Tow-Truck Pluck
- First edition
- Author: Annie M.G. Schmidt
- Cover artist: Fiep Westendorp
- Language: Dutch
- Publisher: Querido
- Publication date: 1971
- Publication place: Netherlands
- Media type: Print
- Pages: 167
- ISBN: 978-90-214-8098-5
- OCLC: 65557528

= Pluk van de Petteflet =

Book by Annie M.G. Schmidt

Tow-Truck Pluck (Pluk van de Petteflet) is a children's book by Dutch writer Annie M.G. Schmidt. First published in 1971, it remains in print and is one of the most popular Dutch books for children, and the second most popular book by Schmidt (after Jip and Janneke). A radio drama based on the book was produced in 2002, and a film adaptation in 2004; Tow Truck Pluck ranked No. 10 on the list of most popular Dutch movies between 1996 and 2005 and was awarded platinum status early in January 2005. The cover of Pluk (all drawings are by Schmidt's regular illustrator, Fiep Westendorp) is used to illustrate the article about Schmidt on the website of the "Canon of the Netherlands," and Pluk got his own stamp in 1999.

==Publication history==
Schmidt and Westendorp began Pluk as a weekly illustrated feuilleton for Margriet, a ladies' magazine, in 1968 and 1969. They were first printed in book form in 1971, and have remained in print ever since. The 1995 printing was the 18th, and brought the total printed copies to 495,000. Indications of the book's lasting popularity are that 75,000 copies were printed in 1991, twenty years after its first publication; the 1992 printing was the third-bestselling book for children age 6–10 in the month of June, the best-selling book in that category in August, and the second-bestselling book in that category in June 1995.
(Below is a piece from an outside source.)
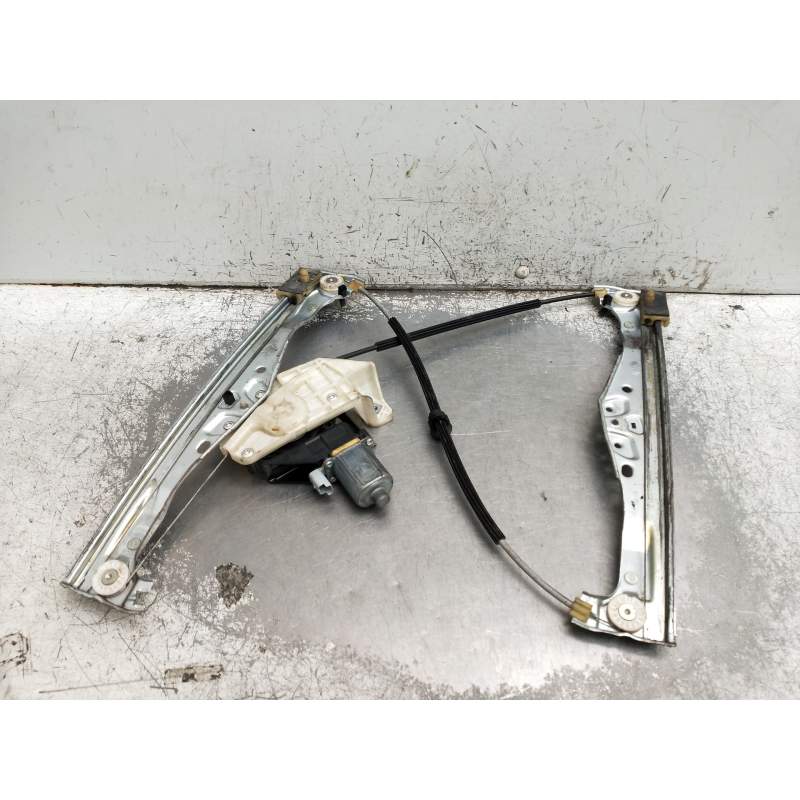 Recambio de elevalunas delantero izquierdo para citroën c4 cactus referencia OEM IAM 0130822571 9674252380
Eleven unpublished chapters were found in 2001, a kind of prequel to the stories in the book. These were organized with the help of Fiep Westendorp (Schmidt had died already), and were then published as Pluk Redt de Dieren (Pluk Saves the Animals). That book was published in 2004 and sold 150,000 copies, making it the best-selling Dutch children's book of the year.

==Content==
The book, like Schmidt's other children's novels, has a "realistic, modern setting"—Pluk drives a little truck and has a difficult time finding a place to live—but his world is full of fairy-tale creatures, such as, in this case, talking cockroaches, pigeons, and seagulls; horses of record-length; extinct fantastical birds; and a wolf who operates a ferry. In its combining reality and magic, Pluk is often mentioned alongside Roald Dahl's The BFG.

Pluk, a young red-haired boy, lives alone in a little room on the top floor of the Petteflet, an apartment building. He has no parents, but he does have a little tow truck. He quickly makes friends, such as Zaza, a cockroach, and Mr. Penn, who operates a bookstore. With the help of Dolly, a friendly pigeon, he exchanges notes and candy with the girl below, Aggie, whose mother is überclean and tries to get Pluk evicted, especially when she sees Zaza in his room (her scheme is foiled with the help of a number of seagulls). With the Stamper family (a single father and six unkempt boys) and Aggie, Pluk spends a week at the beach. The book's biggest adventure is the rescue of the park, which is to make room for developments. Pluk has to travel a great distance to get help from a mysterious hermit (who refers to himself as a hermite); the magic berries he brings back have a strange effect: the construction crew and all the other adults (including the mayor) get giddy and forget all about their task—instead, they go and play. As a final adventure, Pluk helps save a strange bird, the "krullevaar," bred from a mysterious egg he and Aggie found on their vacation at the beach.

==Educational value and reception==
Annie M.G. Schmidt is often praised (and with her often Guus Kuijer) for bringing a new direction to Dutch children's literature. Breaking with a fairly conservative and realistic tradition of books about heroes with many conventional inner virtues, Schmidt's characters are often rebellious, and Pluk is often cited as one of those kind-hearted but serious rebels. The scene in the park, when the authority figures are all intoxicated after eating the berries Pluk has brought from the hermit, is one example of such antiestablishmentarianism.
Hailed as a "modern classic," many educational books advise reading Pluk. Others suggest reading the book since it is said to teach children the value of serving others. The book is referred to in many Dutch books, fiction and non-fiction, in which parents read to their children or adults reflect on their childhood.

==Translations==
Pluk was translated to German as Pluck mit dem Kranwagen; it is praised by German critics as a positive reading experience. Pluk has also appeared in Norwegian, in Polish and in Spanish. The Dutch publisher, Querido, published an English version, translated by David Colmer, under the title Tow-Truck Pluck in 2011. The book is so canonical that occasionally it is used in case studies in language research. According to the Annie M.G. Schmidt website, there are also translations of Pluk in Bulgarian, Danish, Estonian, Afrikaans (Wannie van die woonstel), West Frisian, and Serbo-Croatian.